Since their inception, 529 accounts have been used by families as vehicles to save tax-free money for education expenses. Although often owned by a parent or grandparent for the benefit of a child or grandchild who might later require use of the funds toward the cost of education, in certain instances the account owner and beneficiary may be of a non-lineal relationship. For example, it is not uncommon for the owner of a 529 account to be the aunt, uncle or even step-grandparent of a named beneficiary; however none of these relationships is considered by the State of New Jersey as lineal for New Jersey transfer inheritance tax purposes (or “Class A” as labeled by New Jersey) which relationships pass free of transfer inheritance tax. Rather, they are labeled as “Class D” relationships which are subject to the tax.

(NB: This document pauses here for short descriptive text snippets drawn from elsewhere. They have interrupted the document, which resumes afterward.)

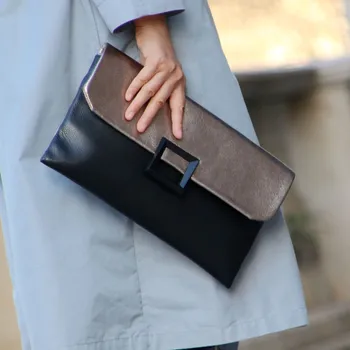 

Genuine Leather Women Clutch Bag Hit Colors Fashion Envelope bag Cowhide Female Chain Shoulder Bag Ladies Messenger Bag Big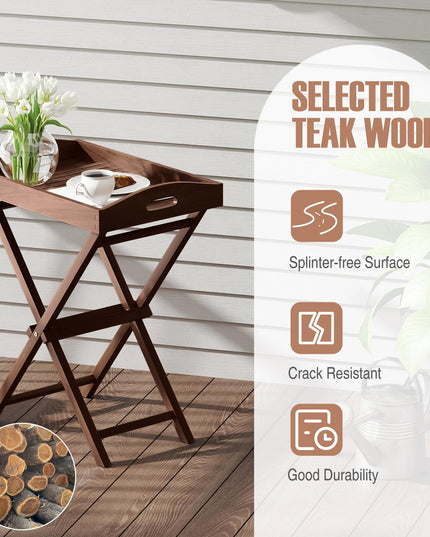 Giantex 28-Inches High Solid Teak Wood TV Tray Side Table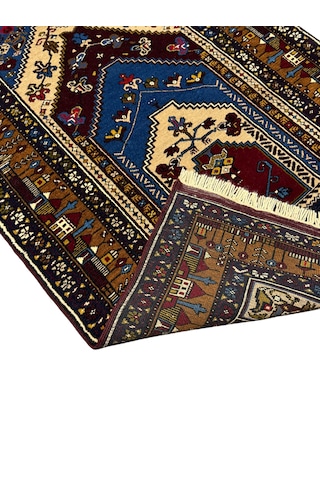 El Dokuma Sıfır Yahyalı Halısı 110x187 Kemerli Model Kök Boya %100 Yün Halı Lacivert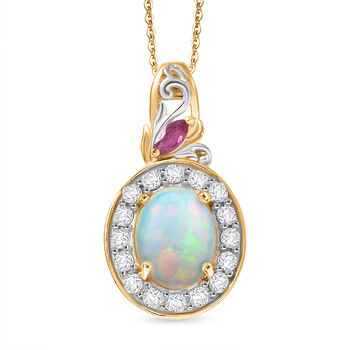 D'Joy nat&uuml;rlicher, &auml;thiopischer Welo Opal, afrikanischer Rubin und Zirkon Anh&auml;nger mit 50cm Kette - 2,13 ct.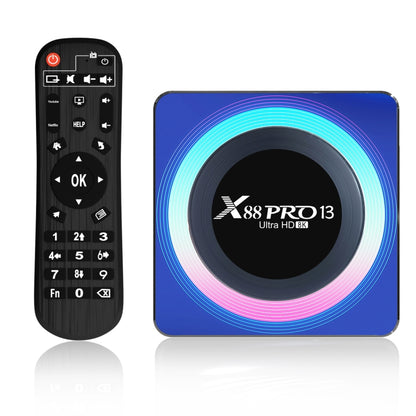 อะคริลิค X88 Pro 13 8K Ultra HD Android 13.0 กล่องสมาร์ททีวีพร้อมรีโมทคอนโทรล, RK3528 Quad-Core, 4G+32GB, 4G+32GB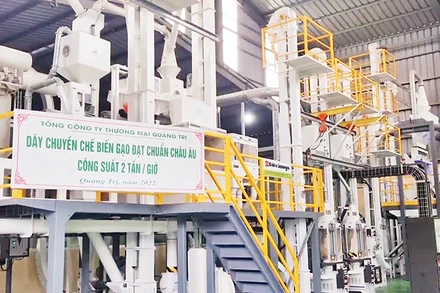 Dây chuyền chế biến gạo đạt chuẩn châu Âu ở Quảng Trị.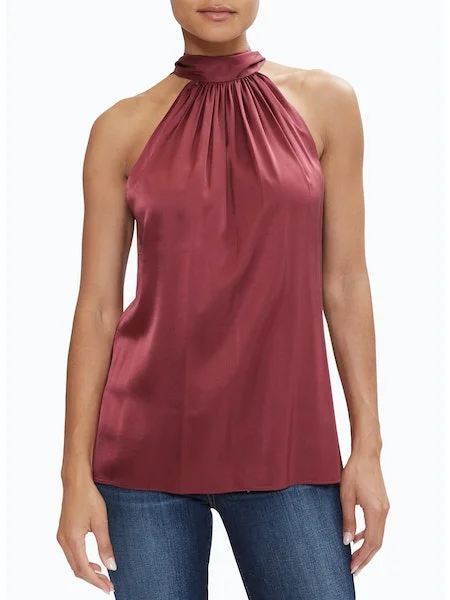 Lori High Neck Tank Top Cabernet - Ramy Brook bronze tank top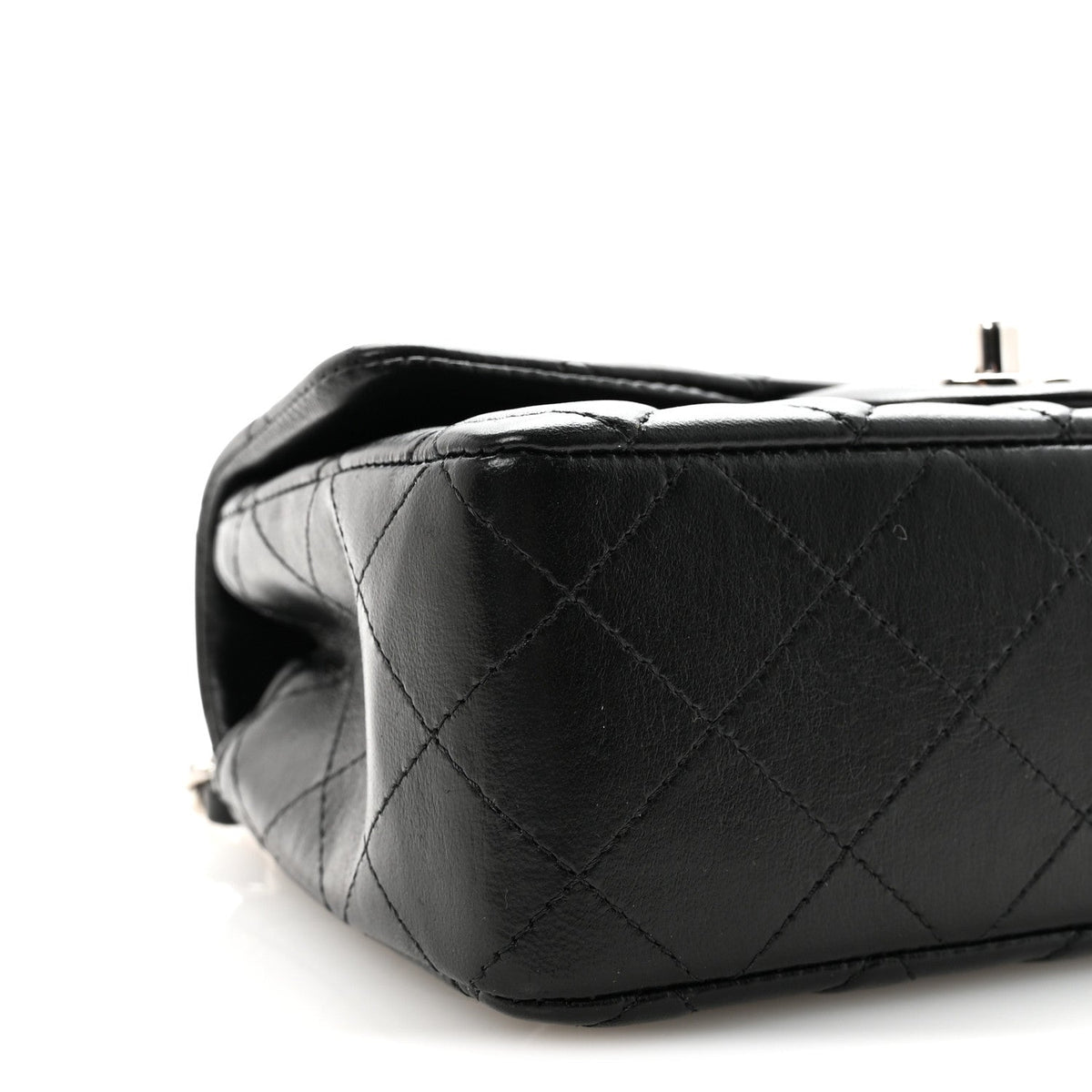 Lambskin Quilted Mini Rectangular Flap Black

The significant flexibility offered by 529 accounts makes them an even more desirable mechanism for education savings. For example, contributions can be made by third parties who are not the owner or beneficiary. Moreover, ownership of an account can generally be transferred by an existing owner either during life or upon death, and beneficiary designations can also be amended with certain limitations. Therefore, it is not uncommon for a 529 account to be opened with the owner and beneficiary being of a Class A relationship; but later ownership transfers and/or changes in beneficiary resulting in a Class C or D relationship between owner and beneficiary.

NJ Inheritance and Estate Tax

Notwithstanding the prevailing wisdom that Section 529 accounts are not included in a decedent’s taxable estate, the Division has begun taking the position that at least in certain cases they are included in the taxable estate for estate tax purposes, and in all cases they are included for inheritance tax purposes unless the relationship between owner and beneficiary is Class A.

Although no formal guidance has yet been issued by the Division, practitioners are reporting being advised by the Division that where the decedent is the owner of the 529 account, the decedent retained control over the account until death, and thus it is includible as part of the decedent’s estate for inheritance tax purposes where the named beneficiary is a Class C or D beneficiary in relation to the decedent.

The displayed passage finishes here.